Magnetic and optical properties in the 1D TM-O chain compounds Sr₂TMO₃ (TM = Ni, Co): A first-principle investigation

In this paper, we have calculated the structural, electronic, magnetic and optical properties of Sr₂NiO₃ and Sr₂CoO₃ using density functional theory (DFT) within generalized gradient approximation (GGA). The crystal structure of both materials is well described with Immm (No. 71) symmetry which are isostructural with Sr₂CuO₃ and both are quasi-one-dimensional (1D) rectangular lattice G-type antiferromagnets, in consistent with the experimental data. Due to a distortion, Sr₂CoO₃ lifts the near-degeneracy dxz and dyz states of the local Co electronic configuration, which demonstrates a strong coupling between the structural lattice and the electronic configuration.
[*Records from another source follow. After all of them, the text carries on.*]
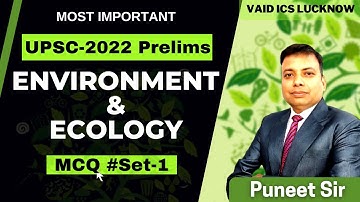 Environment and Ecology MCQ for UPSC 2022 | environment and ecology mcq for upsc | MCQ Set-1 | Vaids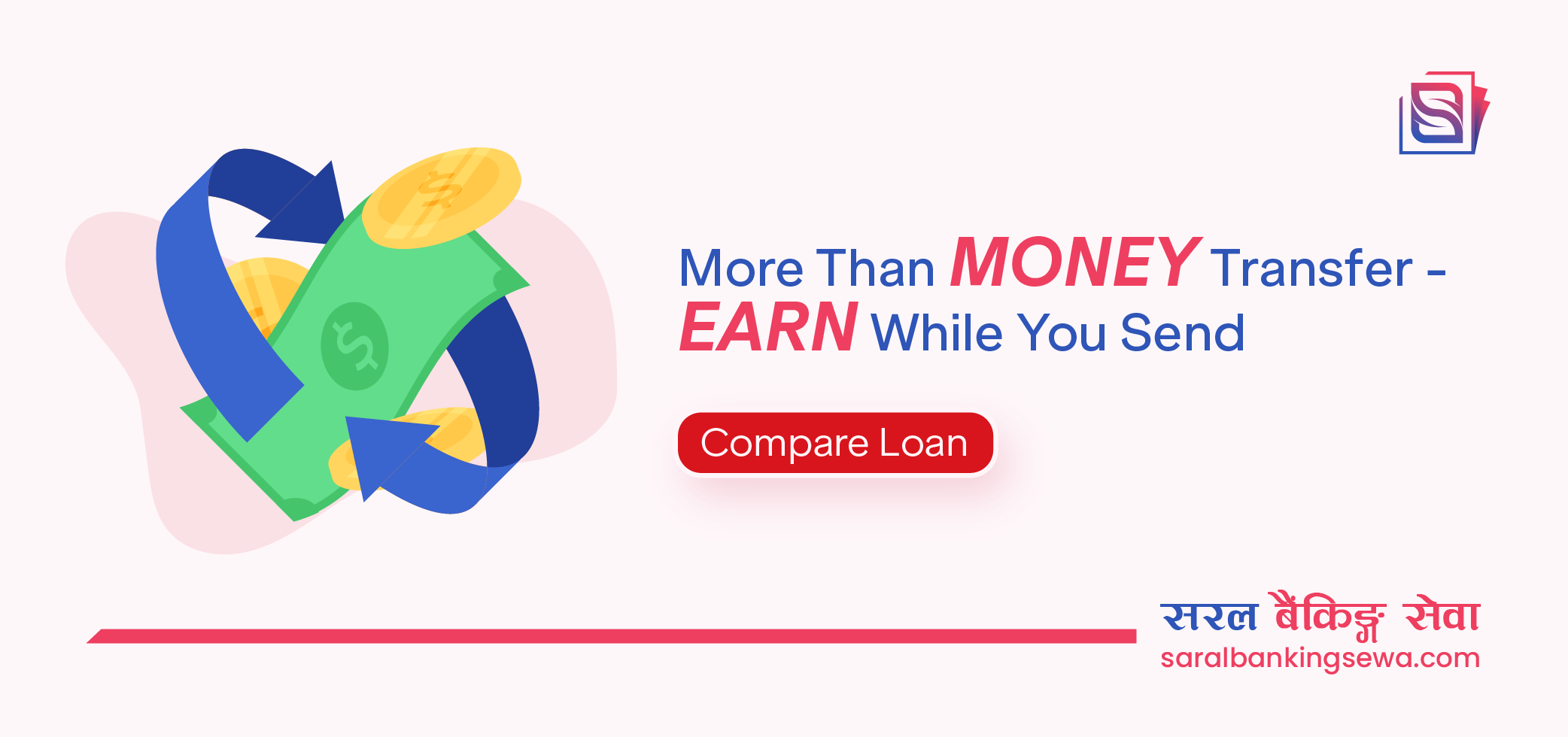 Banner image with the text "More than money transfer - earn while you send" and the logo of Saral Banking Sewa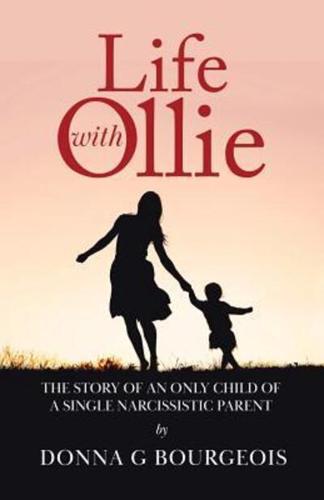 Life with Ollie: The story of an only child of a single narcissistic parent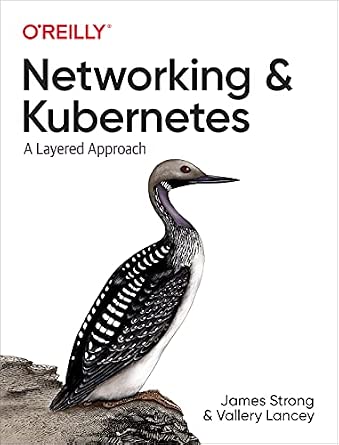 Networking and Kubernetes: A Layered Approach Networking and Kubernetes: A Layered Approach book cover
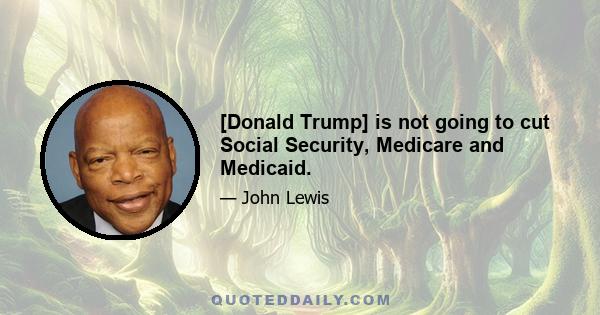 [Donald Trump] is not going to cut Social Security, Medicare and Medicaid.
The calculated band structure shows a band gap of 1.376 eV for Sr₂NiO₃ and a band gap of 1.735 eV for Sr₂CoO₃. Ni and Co ions are in the high-spin S = 1 and S = 3/2 configurations with the magnetic moments of 1.585 μB and 2.587 μB, respectively. Based on the Heisenberg Hamiltonian model, we conclude that the superexchange intrachain TM-O-TM superexchange interaction is predominant and interaction between the 1D chains is weak. According to the calculated dielectric function, absorption spectrum and electron energy loss spectrum, the optical responses suggest that Sr₂NiO₃ shows the unique anisotropic structure and interaction of the application in optoelectronics.